**Exercise directions:** Could you write out the records below exactly as they appear, leaving out any pictures?

**Data listing:**
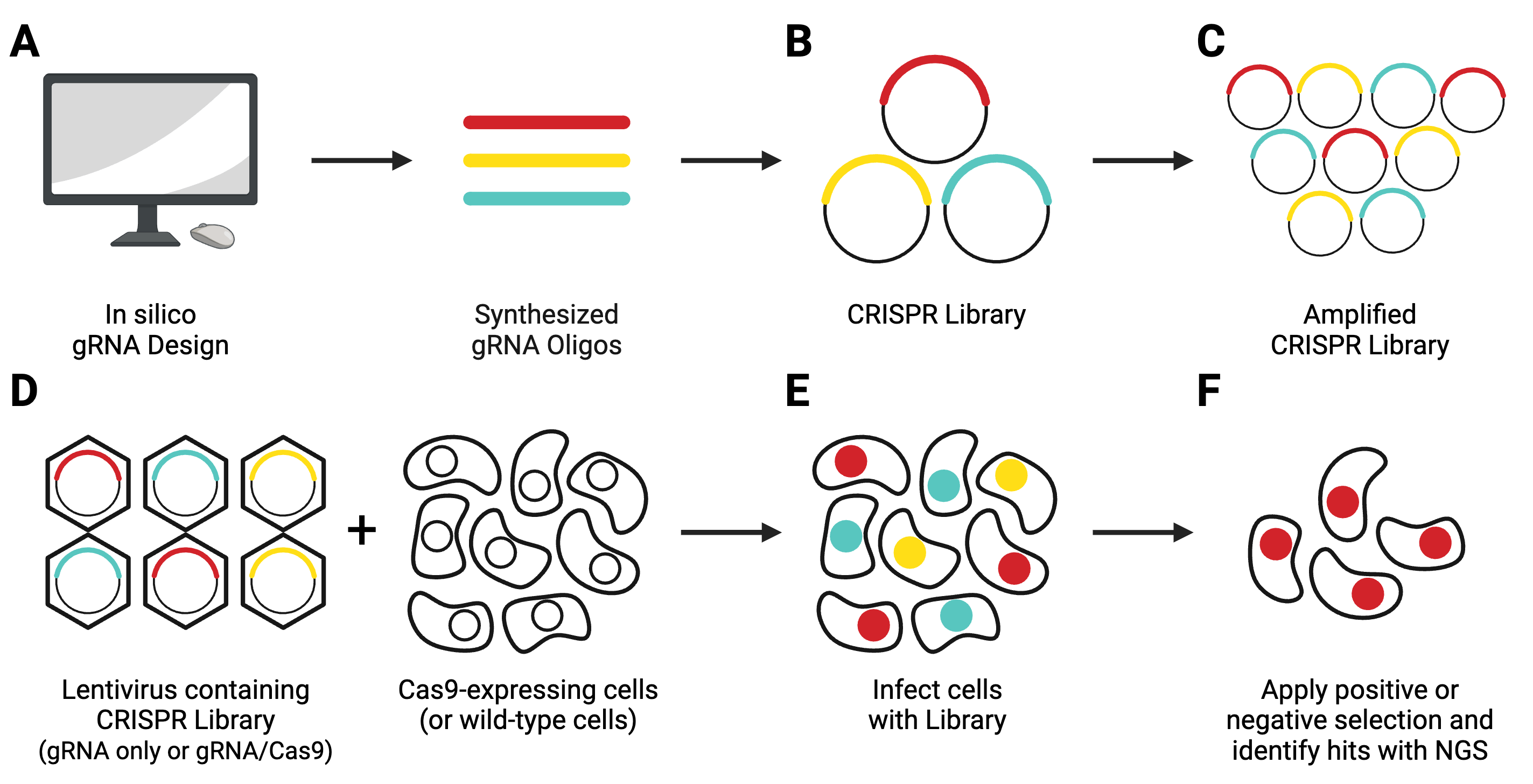 Graphic showing the workflow of creating and using a pooled lentiviral library. Step A demonstrates in silco gRNA design and synthesizing the oligos. Steps B and C show circular plasmids with inserts representing the created CRISPR library and amplified CRISPR library. Step D shows the components needed for a library screen- lentivirus containing the CRISPR library, which can contain only the gRNA, or both gRNA and Cas9, and Cas9-expressing or wildtype cells. Step E shows the cell population infected by the lentiviral library. Step F shows the results of the positive or negative selection- a population of cells with hits that will be verified with next-generation sequencing.
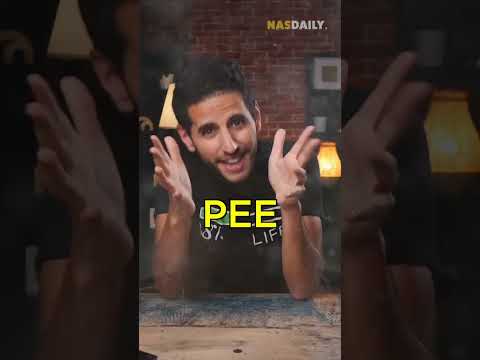 23 Minutes of Pavin Suakham's Most Viral Videos!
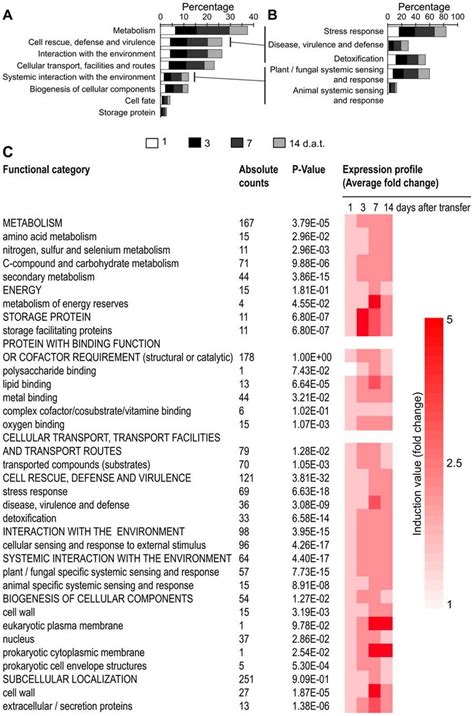 hvccr|Two differentially regulated Arabidopsis genes define a new .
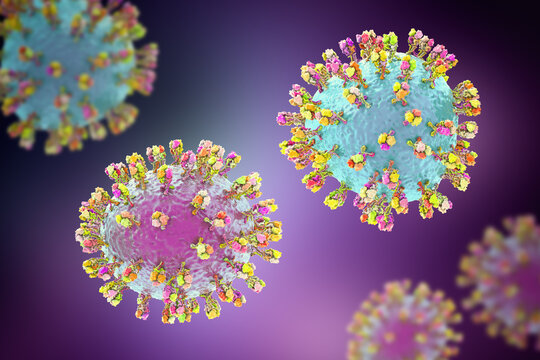 Junin virus particle, 3D illustration showing enveloped arenavirus with granular ribonucleoprotein structure, causative agent of Argentine hemorrhagic fever.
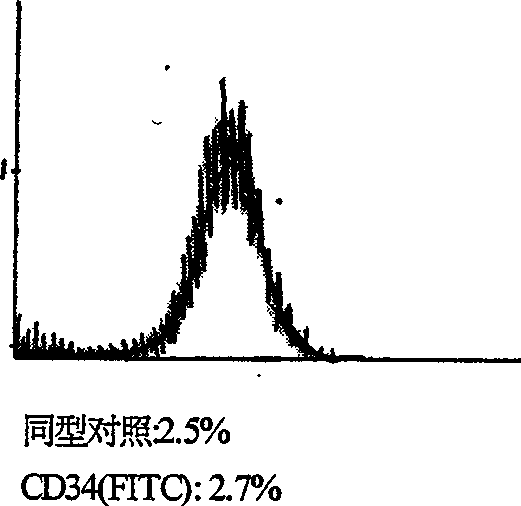 Method for amplifying in vitro mesenchymal stem cells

**Reply:**
 Graphic showing the workflow of creating and using a pooled lentiviral library. Step A demonstrates in silco gRNA design and synthesizing the oligos. Steps B and C show circular plasmids with inserts representing the created CRISPR library and amplified CRISPR library. Step D shows the components needed for a library screen- lentivirus containing the CRISPR library, which can contain only the gRNA, or both gRNA and Cas9, and Cas9-expressing or wildtype cells. Step E shows the cell population infected by the lentiviral library. Step F shows the results of the positive or negative selection- a population of cells with hits that will be verified with next-generation sequencing.
 23 Minutes of Pavin Suakham's Most Viral Videos!
 hvccr|Two differentially regulated Arabidopsis genes define a new .
 Junin virus particle, 3D illustration showing enveloped arenavirus with granular ribonucleoprotein structure, causative agent of Argentine hemorrhagic fever.
 Method for amplifying in vitro mesenchymal stem cells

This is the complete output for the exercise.